Reproduce every entry below exactly, minus the pictures.

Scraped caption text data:
◆ ◆ ◆ ◆ ◆

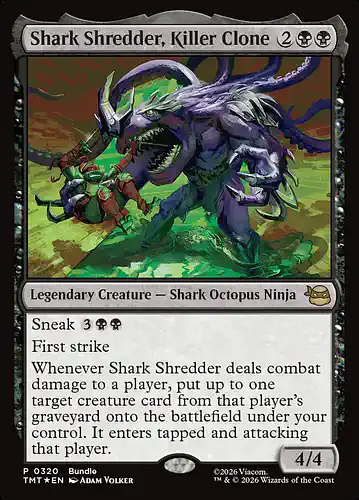 Shark Shredder, Killer Clone - tmt Spoiler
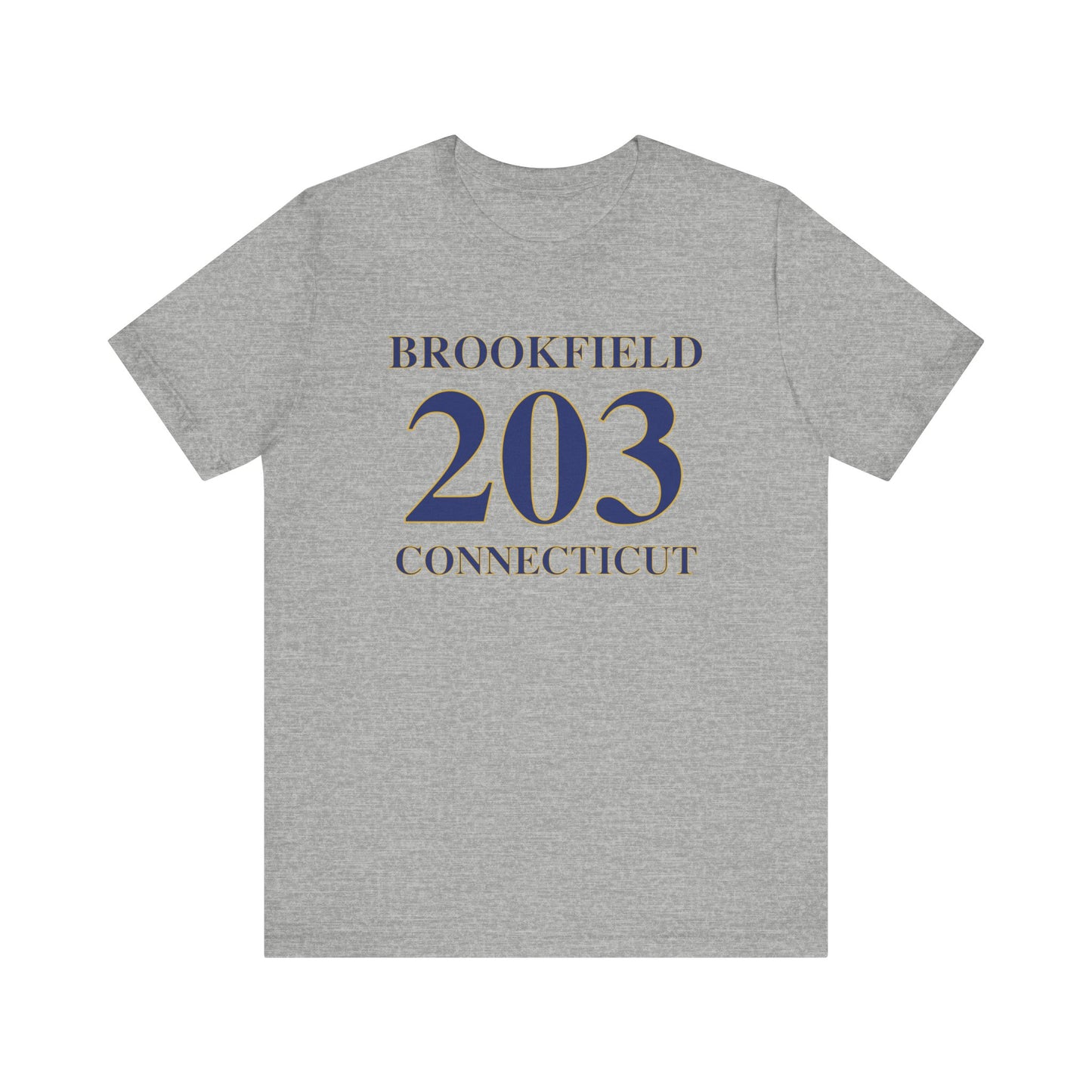 Brookfield 203 Connecticut - Brookfield Connecticut unisex shirt Finding Conencticut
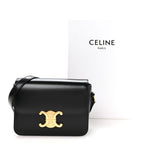 Shiny Calfskin Teen Triomphe Black
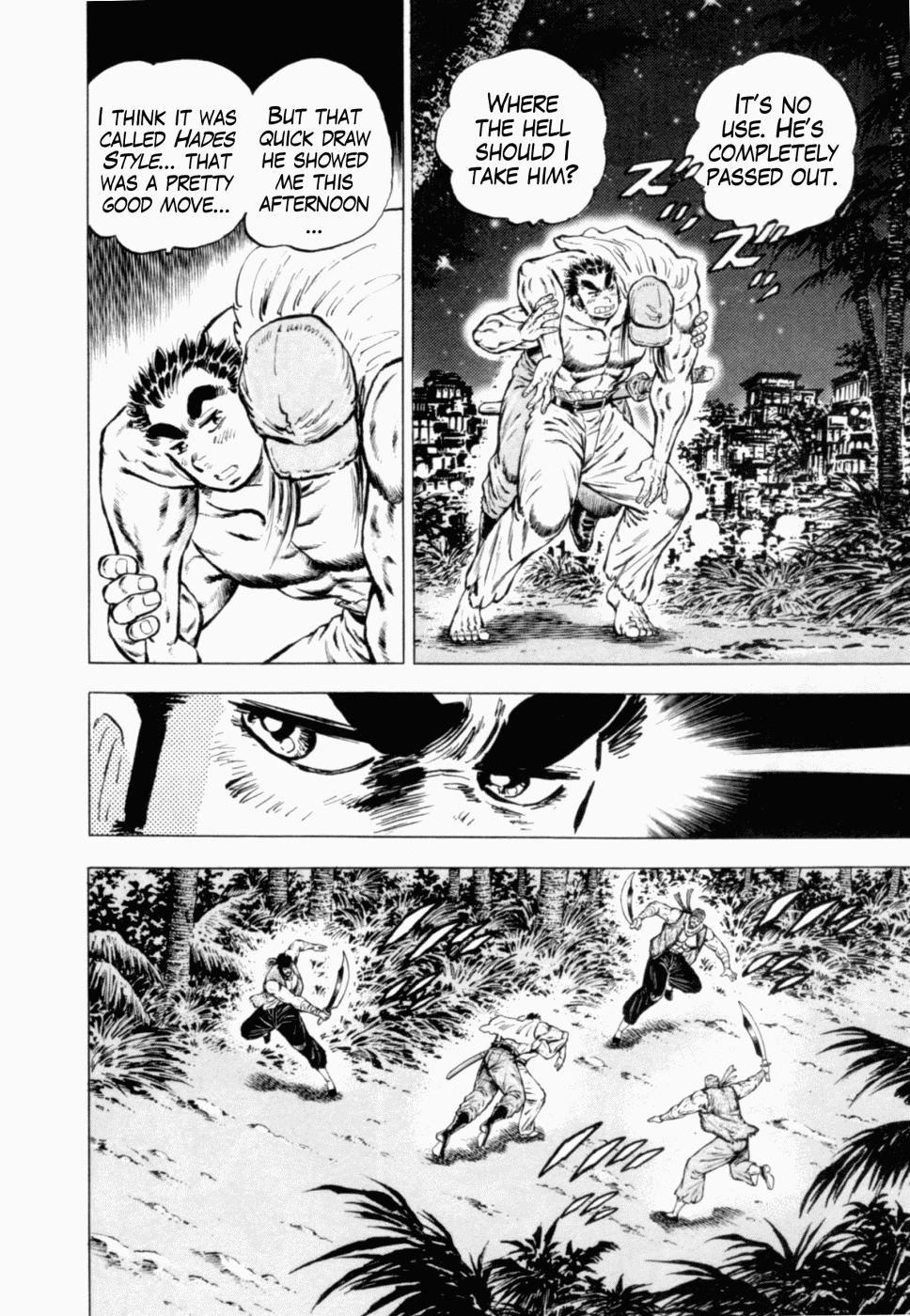 Tenkamusou Edajima Hirayatsuden Chapter 39 page 9 - Chapter 39: This is Arhat!!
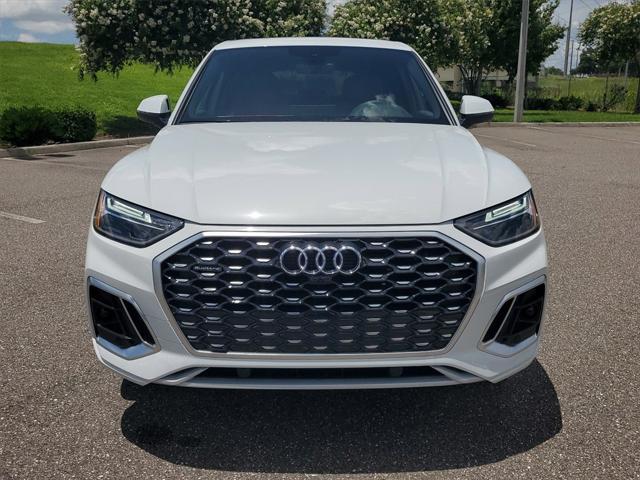 new 2024 Audi Q5 car, priced at $56,988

◆ ◆ ◆ ◆ ◆

Response to the task:
 Shark Shredder, Killer Clone - tmt Spoiler
 Brookfield 203 Connecticut - Brookfield Connecticut unisex shirt Finding Conencticut
 Shiny Calfskin Teen Triomphe Black
 Tenkamusou Edajima Hirayatsuden Chapter 39 page 9 - Chapter 39: This is Arhat!!
 new 2024 Audi Q5 car, priced at $56,988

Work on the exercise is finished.